Now that I’ve completed my WWII novel manuscript and have breathed a sigh of satisfaction, it’s time to sit before the task of selling it. This is the point at which many of us flail in frustration – there’s just not that much consistent information or advice out there as to how to go about it.
Like most published-and-aspiring-to-more writers, I’ve had my share of advice along these lines. But over these past years, I’ve boiled things down to something reasonably consistent.
First and foremost, you need to master the dreaded query letter. Strangely (and I include myself in this group), I find such a letter harder than creative writing. It goes against the grain, I suppose, to reduce your creative panorama to a few sentences.

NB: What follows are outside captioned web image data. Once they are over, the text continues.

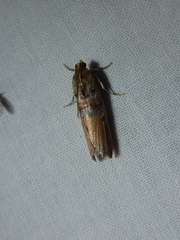 Dasypyga alternosquamella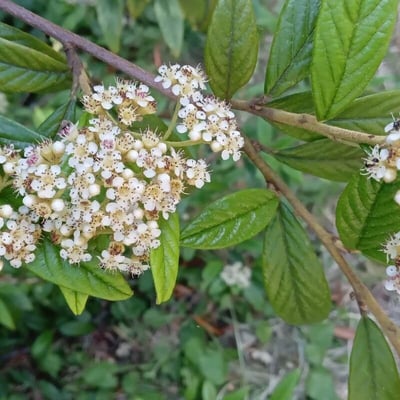 Cotoneaster salicifolius — flower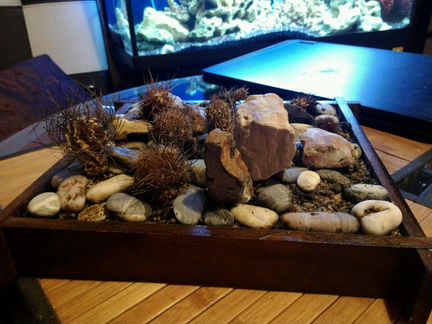 Сад камней с кактусами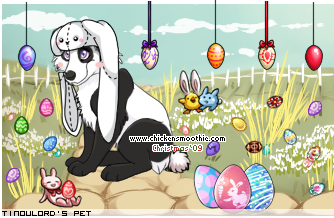 Dressed pet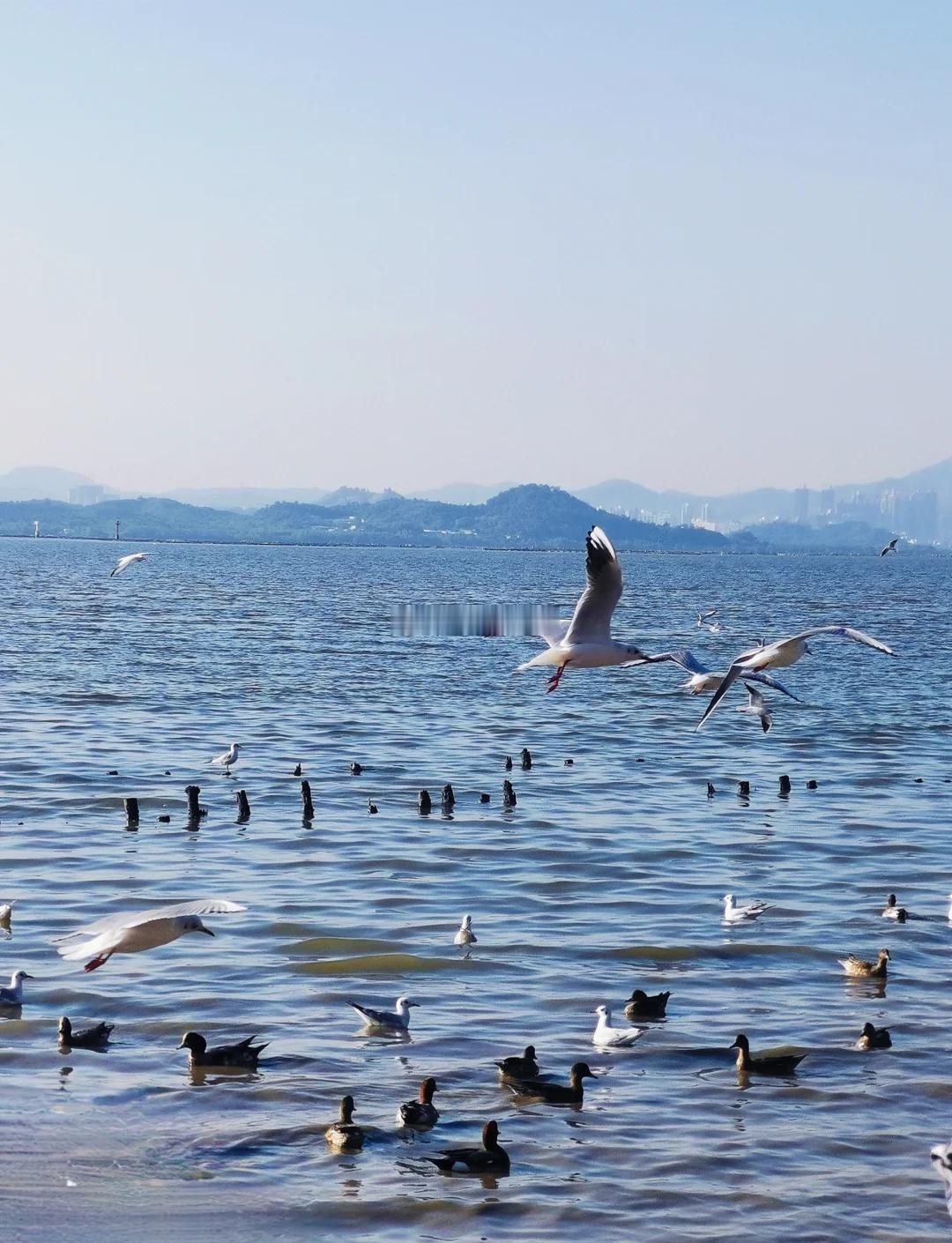 财富的分配，从来不是按劳动时长计算，而是由资本权重决定。每次政策变化、周期波动，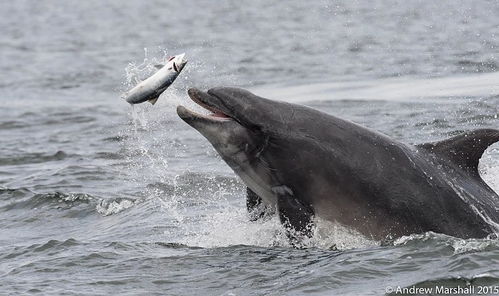 海豚是怎么交配的 科学家 总之很变态,它们演化出了人类的特征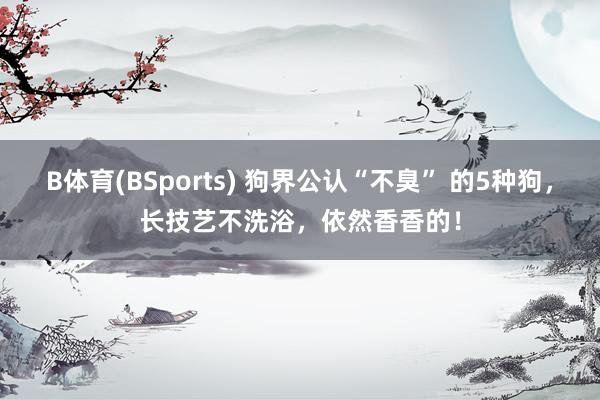 B体育(BSports) 狗界公认“不臭” 的5种狗，长技艺不洗浴，依然香香的！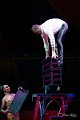 Gravity_Circus_NO_Limits_BS_2023-01-07_dm_0048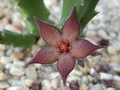 stapelia acuminata7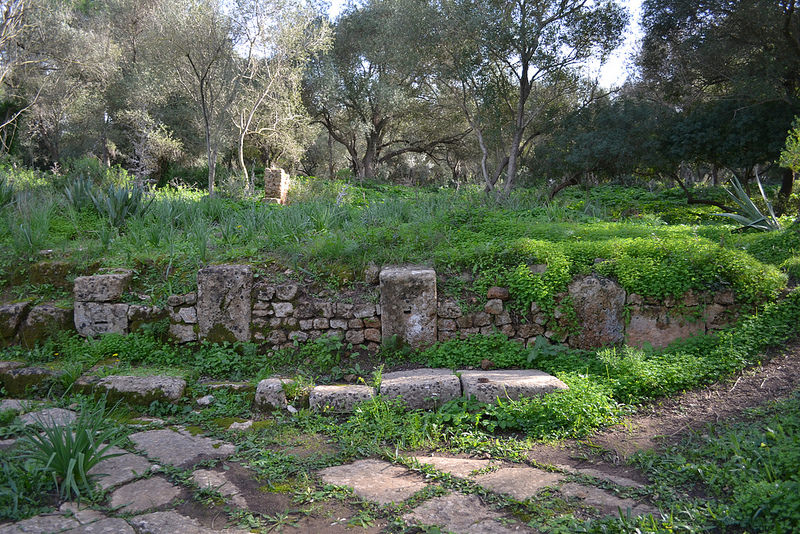 ティパサの考古遺跡の画像16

But the best query letter (and it should be written in a business format) can be reduced to three or four components:
The hook: The first paragraph should convey something intriguing about your story. The agent or editor will want to know what sets your story and character apart from the maddening crowd.
The ever-so-brief synopsis: the hook should segue into a very brief depiction of your central character and his/her conflict within the story.
Sell yourself: The third paragraph can be a listing of your publishing credits – or an accounting of life experiences that connect with your story and main character.
Finale: Simply ask if you can send your completed story (or a portion) and thank the person for his/her time.
Often, agents will ask for other, ancillary things to help them decide if you story is for them:
Synopsis: This amounts to a one or two page condensation of your story. The trick here is peeling away the twigs (incidental or peripheral aspects) from your story’s main trunk and limbs.
Chapter outline: at rare times, an agent or editor will ask for this. It’s laborious, but usually amounts to three or four lines per chapter. Just give the story’s main thread as it appears in each chapter.
Writing sample: you’ll usually be asked for the first 30,50, or 100 pages of your text, double-spaced. Warning: if you’re reluctant to send the first chapters instead of something from the middle or end, your beginning is probably too weak, or you began at the wrong place in the story’s sequence.
Afterthought: these days, agents and editors are more and more willing to receive submittals by e-mail. I recommend it. It gives quicker turnaround and costs virtually nothing.